Would you believe that the sailboat is a very dance-friendly zone??

Look, in my entire life I’ve never claimed to be a good dancer, and on most occasions I am–either from blooming self-consciousness or total lack of technical ability–quite dreadful. What I can capture, on blessed other occasions is verve. This can take many names, naturally. In some environments it might express as a joie de vivire. In others it might be the manic violence of a mosh pit. On Shearwater it might best be observed as some version of jazzersize to keep the blood pumping.

Updates to my voyage have been paltry, I realize. I crossed to Pacific Mexico and began to explore those shores in a southerly direction. But I was underwhelmed; I wanted something different. Momo and I then went north along the Sinaloan coast. Spectacular. But in those travels we were more locked into (relatively) longer periods of being underway; we either starved or we feasted on passages between 24 and 27 hours. Not so much by some account, but well-enough for the Mo and plenty for me to visit the outer reaches of the finer points of what little acuity I can muster in this era of life.

As is well established on this blog, I do not sleep while underway. Nor am I, as a general description, someone who embraces a laissez-faire style of being. This can be in conflict with the sailboating lifestyle, because this activity is rife with opportunites to do exactly that. Like best-course-of-action type of opportunities. Sure, one needs to be ready for a variety of eventualities, but at a certain point there isn’t much else to do but just weather the storm, literal or otherwise. But I really only know how to approach my responsibilities–no matter the capacity, professional and otherwise–with an energetic, anxious vigilance. That’s equally true for my approach to managing a winery cellar, to being a restaurant waiter, to captaining a boat, to resolving a billing dispute with a telecomunications conglomerate. All of it. This is just a fundamental tenet to who I am.

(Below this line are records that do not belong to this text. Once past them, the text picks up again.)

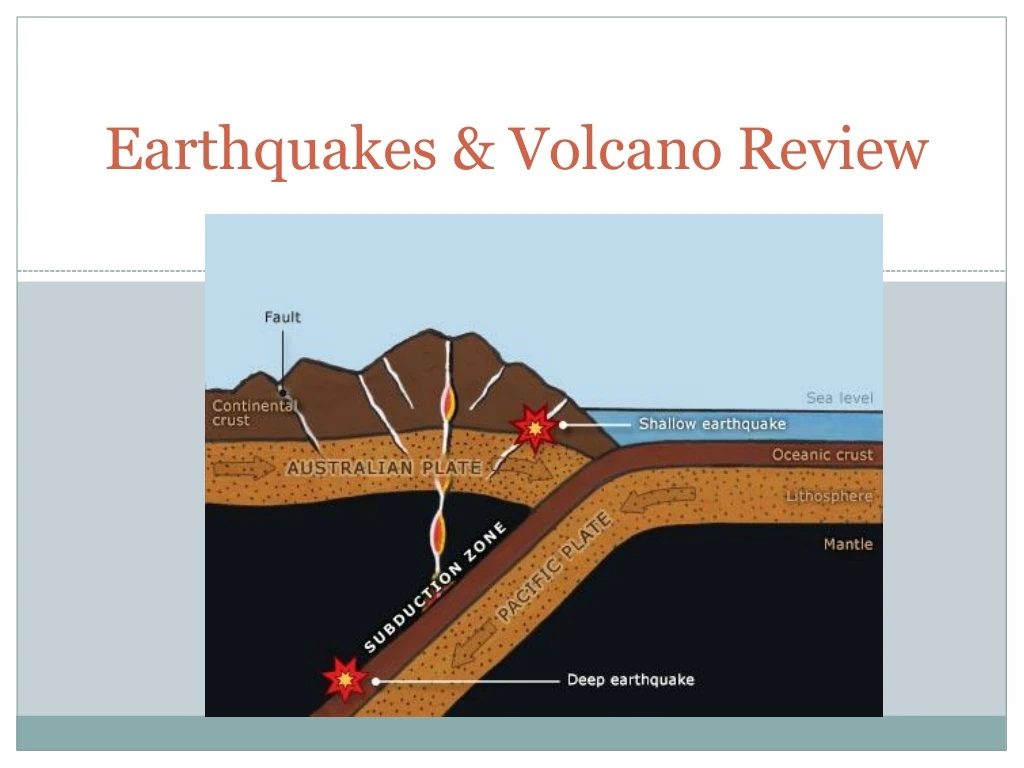earthquakes volcano review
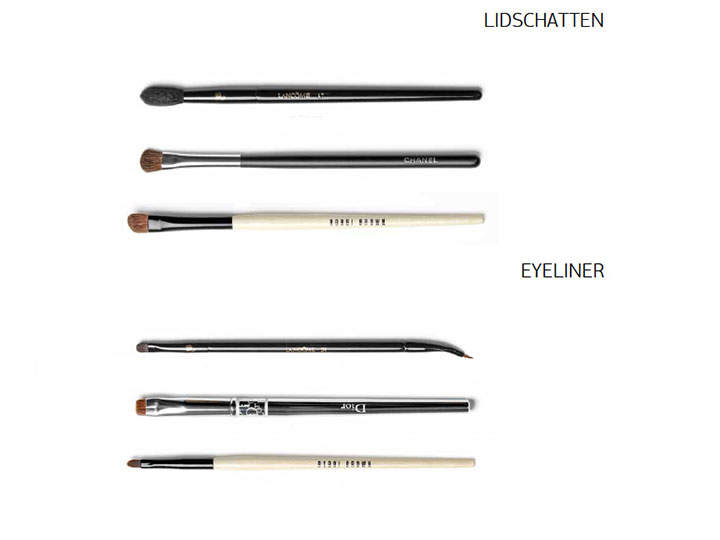 Ausgestellt ist eine Sammlung von Make-up-Pinseln. Die oberen drei Pinsel mit der Aufschrift „Lidschatten“ sind für Lidschatten. Die unteren drei Pinsel mit der Aufschrift „Eyeliner“ eignen sich zum Auftragen von Eyeliner. Jedes Set beinhaltet unterschiedliche Griffdesigns und Pinselformen.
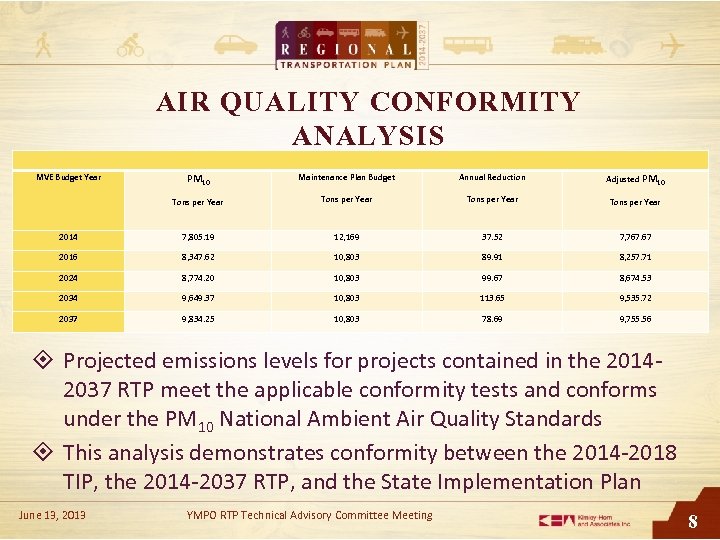 AIR QUALITY CONFORMITY ANALYSIS MVE Budget Year PM 10 Maintenance Plan Budget Annual Reduction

So, under way, as I strive to let the world come to me while yet maintaining that signature level of nervous energy, I do a lot of singing and I do a lot of dancing. Sunset while sailing is a revered hour; I don’t allow myself further indulgences in near-term advance of sunset. No music, no caffination. My reckoning is that I probably shouldn’t be boating at all if it isn’t enough to simply soak in without disctraction the bittersweet beauty of the waning light, every hue imaginable tinged with the weight of knowing that nights are long and dark and on occasion, very difficult. This delayed gratification also means that once night has fallen and the rush from the new wave of sweet, sweet caffeine comes on, the tunes hit the ear with extra resonance. I challenge any mortal to not dance in such a situation.

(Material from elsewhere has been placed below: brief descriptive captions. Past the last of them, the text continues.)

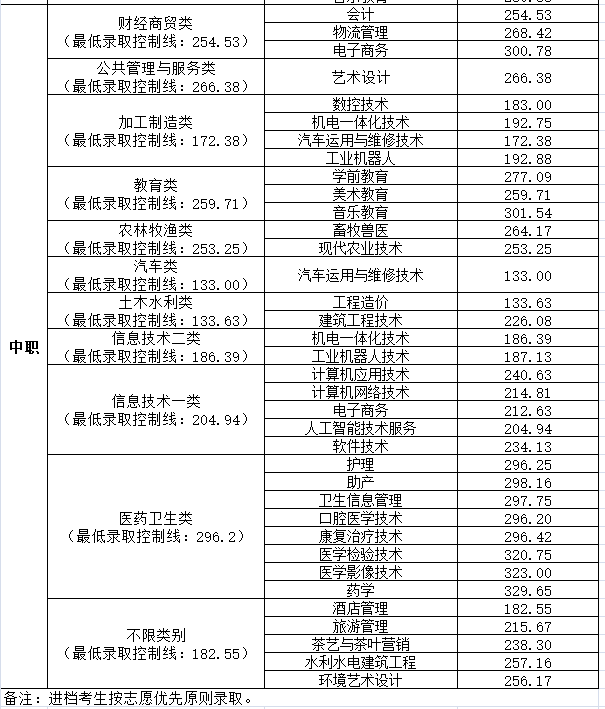 (一)普高及中职分专业录取分数线 乐山职业技术学院 一,各类别最低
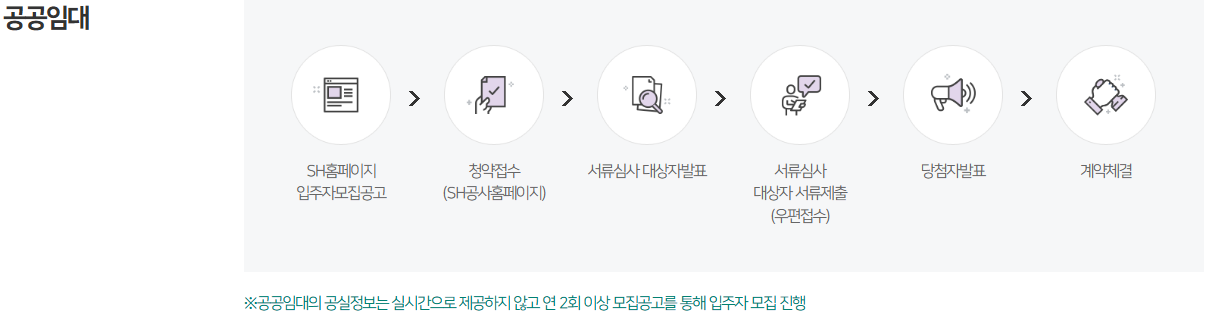 청년안심주택 입주절차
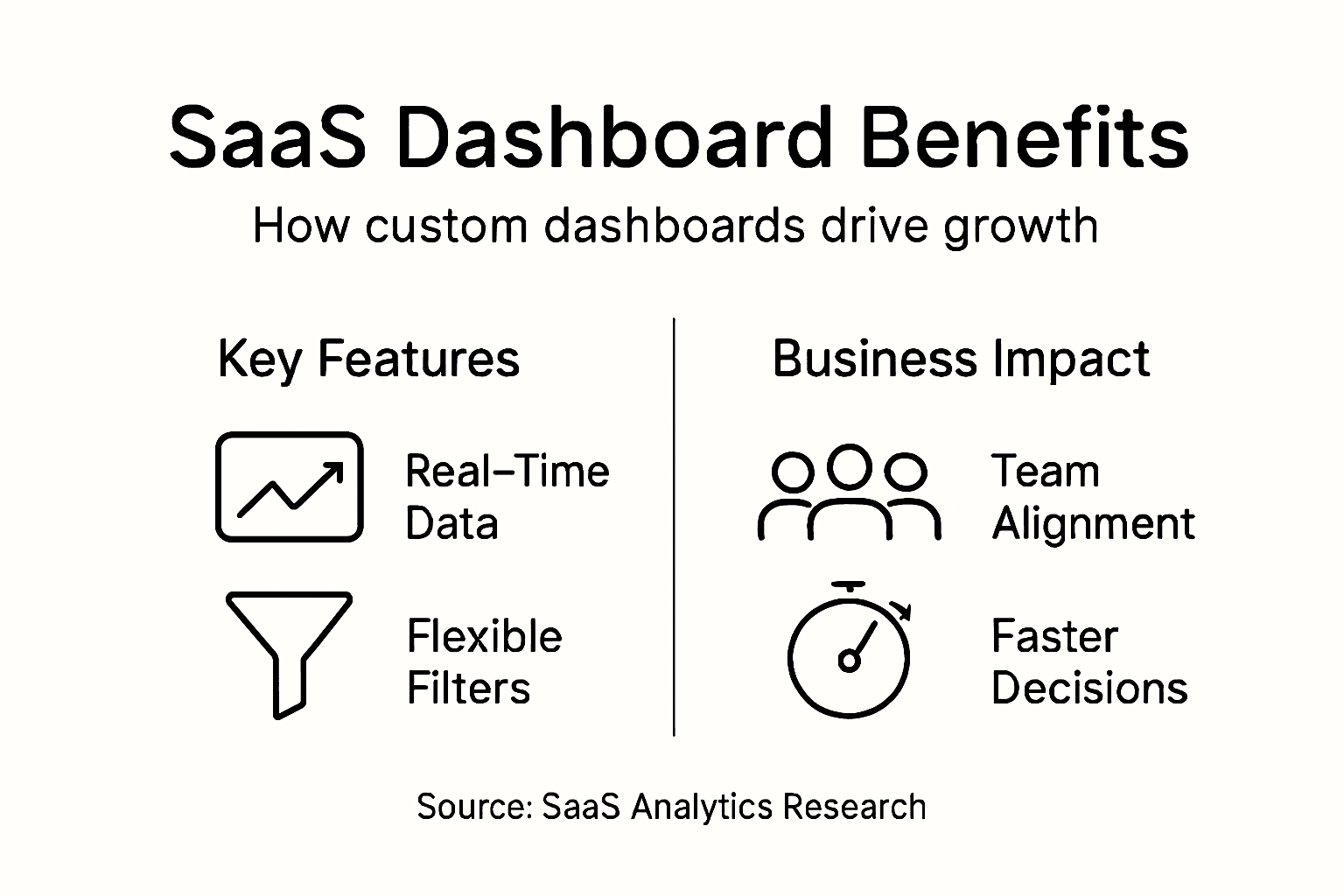 Infographic of SaaS dashboard benefits and features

For this, there is Alles Was Ich Mache Ist Kunst:

Sometimes it peters out after a song or two, sometimes it lasts well into the night. Always the long nights are punctuated with attempts–some feeble, some flourishing–to revive the wave of energy with a boogie or two. And sunrise? Well think about being punchdrunk, relieved to find a new day, and hopeful to be ever-nearer your destination. Oh yeah, you dance at sunrise.

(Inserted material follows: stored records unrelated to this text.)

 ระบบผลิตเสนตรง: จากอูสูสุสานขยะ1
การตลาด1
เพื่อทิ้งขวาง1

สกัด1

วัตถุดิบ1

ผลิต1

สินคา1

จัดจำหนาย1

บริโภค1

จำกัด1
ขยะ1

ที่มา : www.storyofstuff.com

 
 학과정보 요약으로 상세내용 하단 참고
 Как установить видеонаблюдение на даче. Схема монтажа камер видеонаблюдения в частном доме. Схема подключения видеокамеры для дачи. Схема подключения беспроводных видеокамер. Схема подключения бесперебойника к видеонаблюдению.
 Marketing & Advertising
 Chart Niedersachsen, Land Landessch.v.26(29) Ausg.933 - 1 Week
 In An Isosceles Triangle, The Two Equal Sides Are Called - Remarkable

Even back in these more forgiving climes of Baja, where if I’ve planned it right most voyages are an afternoon’s length, the dancing continues. It has a more mellow tenor, a celebration of good vibes rather than a ritualistic building of pressure in the steam engine. For this, the raising anchor and hoisting sails from one otherworldly harbor to another, there is Cumbion Dolido.

Paradoxically, one of the great joys of dancing alone while on a passage is that ephimeral quality to actions that no person will ever see. It is a celebration of the now, a yell into the great void with no thought that anything could echo back. Yet still, dancing out of a crowded anchorage has a delicious note of exhibitionism that should not be denied. And here on Shearwater, it rarely is.

2 thoughts on “The Shearwater Shuffle

  1. Being pulled into LaPaz by Neptune himself, loosened the reins of control. The freedom to move joyfully without restraint is a beautiful part of letting go. Congratulations on finding joy.